Bloom Filters in PHP

Stuffing an elephant into a hat…

Let's imagine you have built a music app like Spotify. You've finally grown this thing to sizeable amount of users and you have a decent number of titles in your content library. Let's also say this app has social elements to it so your users can connect with their facebook friends or twitter followers. Now, let's say each time your users play a song in your app you want to ask the question Which of this user's friends have NOT listened to this song yet? The intention being that you may recommend that song to them if they haven't listened to it.

The question is not so simple at scale, because it introduces exponential elements of both time and space complexity, as the number of users and number of titles available, grow. The biggest worry is how much memory it will take your API to respond to the question when the user hits the play button. If the user has thousands of friends and they've each listened to thousands of songs that's millions of permutations were we to just use a needle/haystack search. The space complexity is also huge! So how do we fit potentially millions of elements into memory efficiently and still be able to query this data quickly?

One solution to this problem is to use a data structure known as a bloom filter. A bloom filter is basically a very space-efficient hash set with probabilistic tendency. If you aren't familiar with a hash set or sets in general, let's do a quick review of what they mean.

Sets, Hash Sets, and Hash Maps

A set is basically just a collection of unique elements. A hash set is a more space efficient way of storing a set of elements such that we only store the output of a one-way hash function of this element. This allows us to ask the question does X belong to the set, very quickly, and efficiently such that the set query has O(1) time complexity and the space efficiency is fixed by the hash function.
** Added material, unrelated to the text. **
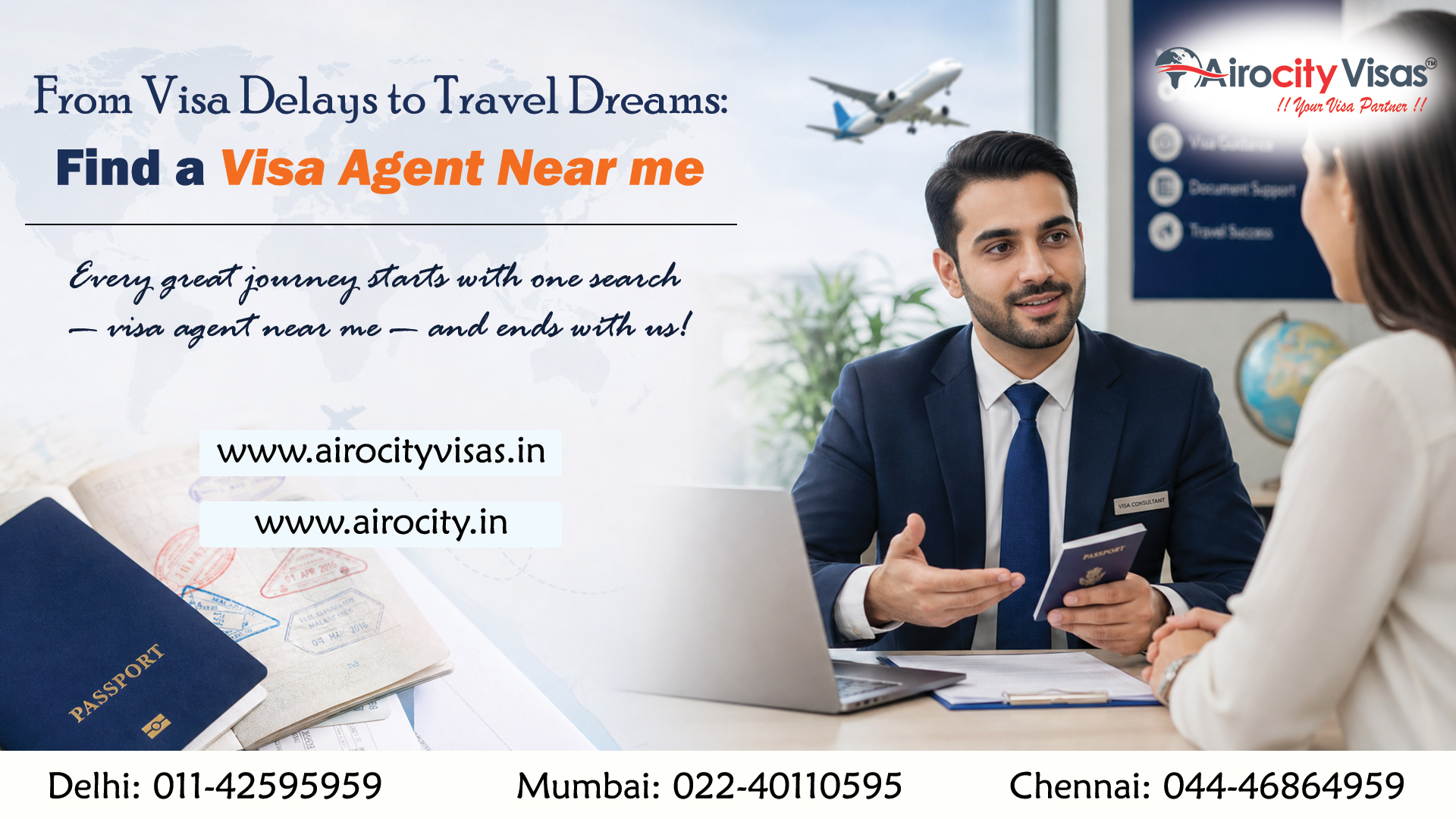 visa agent near me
We already know of a data structure with similar properties in PHP today. It's called the Array. Since PHP arrays are just ordered hash maps, the keys in a PHP array are just a hash set that map to values. So if we removed the map part of that we would have what's known as a hash set. This means that when we do $arr["foo"] in PHP, PHP doesn't have to iterate the entire set of keys in the array to find "foo". Instead, the key "foo" is just hashed and the thing we look for is the hash itself and this gives us an O(1) search for the key.
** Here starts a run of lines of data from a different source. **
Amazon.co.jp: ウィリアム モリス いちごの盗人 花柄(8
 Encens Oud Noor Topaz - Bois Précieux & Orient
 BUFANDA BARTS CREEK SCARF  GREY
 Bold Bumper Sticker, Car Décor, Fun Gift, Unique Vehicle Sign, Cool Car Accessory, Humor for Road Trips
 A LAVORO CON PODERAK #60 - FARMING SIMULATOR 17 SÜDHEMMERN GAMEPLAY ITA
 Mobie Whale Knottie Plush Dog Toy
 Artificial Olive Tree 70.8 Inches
OK, for those of you who are pedantic you know I'm lying here because technically the implementation of this in PHP is a doubly linked list (and in PHP 7 quite possibly a flattened array in most cases), so that's not entirely accurate, but hey I'm trying to make a relate-able point here!

Great, so now that we have an understanding of what sets, hash sets, and hash maps are we can explore why a bloom filter is an even more efficient representation of a set than a hash map or a hash set.
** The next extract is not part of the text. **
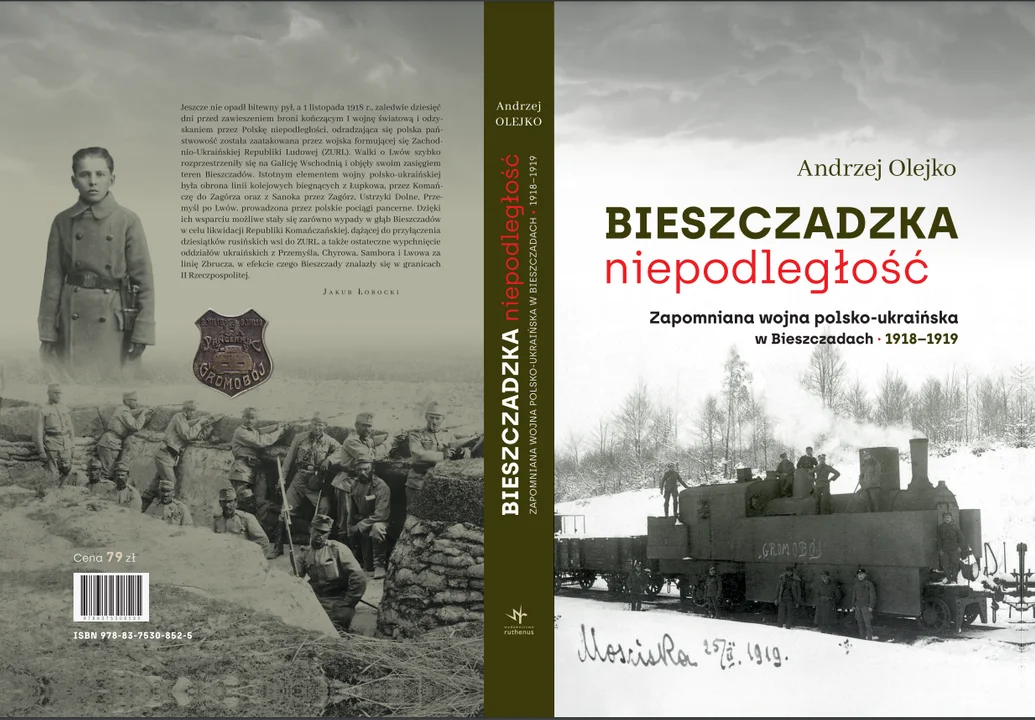 Bieszczadzkie publikacje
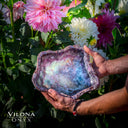 Fluorite Bowl #23 Stone Bowl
Introduction to bloom filters

It's important to note that a bloom filter sacrifices accuracy for space efficiency. This is because the premise of the bloom filter is to compress a hash.


Wait a minute...
What?!
Why would you compress a fixed-size output of an arbitrary-length input?
Well, this is why I liken the concept to that of trying to pull an elephant out of a tiny little hat. Not only do we shrink the arbitrary length input down to a fixed size hash, but we also try to shrink the hash down to a single bit.


The idea is that if you use multiple hash functions and store only the boolean interpretation of the hash's presence in the set (i.e. either the hash exists or it doesn't exist), and not the hash value itself, then what we end up with is an efficient probabilistic data structure that can ascertain, within a given–probability of error, whether or not the element exists in the set. This has a unique property, however. In that a bloom filter can provide false positives, but never false negatives.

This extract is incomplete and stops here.